LREM deputy Céline Calvez at the National Assembly, January 15, 2019. - STEPHANE DE SAKUTIN / AFP

  • MP Céline Calvez, commissioned during confinement by Marlène Schiappa to make recommendations on the place of women in the media, released her report on Tuesday.
  • Two surveys by the Superior Audiovisual Council (CSA) and the National Audiovisual Institute (INA) confirm for one the very low presence of women on television, and for the other a drop in the presence expert women during the health crisis.
  • The member wants the audiovisual sector to count women better and more often, and recommends that the written press condition its aid to respecting equality between women and men.
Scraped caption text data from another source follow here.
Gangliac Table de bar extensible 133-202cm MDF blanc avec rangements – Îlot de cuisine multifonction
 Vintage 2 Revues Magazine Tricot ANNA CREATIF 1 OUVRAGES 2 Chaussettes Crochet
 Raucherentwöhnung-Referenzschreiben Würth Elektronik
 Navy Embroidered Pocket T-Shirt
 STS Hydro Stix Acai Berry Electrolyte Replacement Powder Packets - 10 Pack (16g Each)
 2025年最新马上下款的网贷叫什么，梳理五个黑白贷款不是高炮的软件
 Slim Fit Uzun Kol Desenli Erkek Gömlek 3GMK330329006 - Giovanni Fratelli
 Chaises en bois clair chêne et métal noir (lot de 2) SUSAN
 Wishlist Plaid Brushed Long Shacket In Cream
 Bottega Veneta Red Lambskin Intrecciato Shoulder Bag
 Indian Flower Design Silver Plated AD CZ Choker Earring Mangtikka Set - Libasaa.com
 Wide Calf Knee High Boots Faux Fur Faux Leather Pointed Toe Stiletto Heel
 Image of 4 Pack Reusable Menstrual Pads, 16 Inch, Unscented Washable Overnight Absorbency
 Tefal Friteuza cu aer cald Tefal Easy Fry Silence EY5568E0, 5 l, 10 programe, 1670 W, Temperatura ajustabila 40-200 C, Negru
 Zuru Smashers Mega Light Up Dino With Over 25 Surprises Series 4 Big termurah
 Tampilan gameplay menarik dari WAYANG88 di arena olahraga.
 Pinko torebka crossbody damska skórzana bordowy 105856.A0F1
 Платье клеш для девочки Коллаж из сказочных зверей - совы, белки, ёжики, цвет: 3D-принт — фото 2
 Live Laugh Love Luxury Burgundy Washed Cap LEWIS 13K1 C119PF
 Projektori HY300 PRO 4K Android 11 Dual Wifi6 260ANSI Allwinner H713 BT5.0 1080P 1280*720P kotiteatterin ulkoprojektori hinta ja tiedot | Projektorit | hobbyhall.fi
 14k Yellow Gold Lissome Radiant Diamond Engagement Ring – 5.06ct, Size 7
"Experts must also be experts," warned Marlène Schiappa on April 5 in her mission letter to MP Céline Calvez on the place of women in the media in times of crisis. A mission entrusted following the outcry provoked by the front page of the newspaper Le Parisien . Two and a half months later, while two investigations, one from the Superior Audiovisual Council (CSA) and the other from the National Audiovisual Institute (INA) confirm the fears of the Secretary of State, the MP released a first progress report, submitted to the Minister of Culture and the Secretary of State for equality between women and men. In particular, he recommends better counting women in the media, more finely and more often, and wants to condition aid to the press on equality criteria.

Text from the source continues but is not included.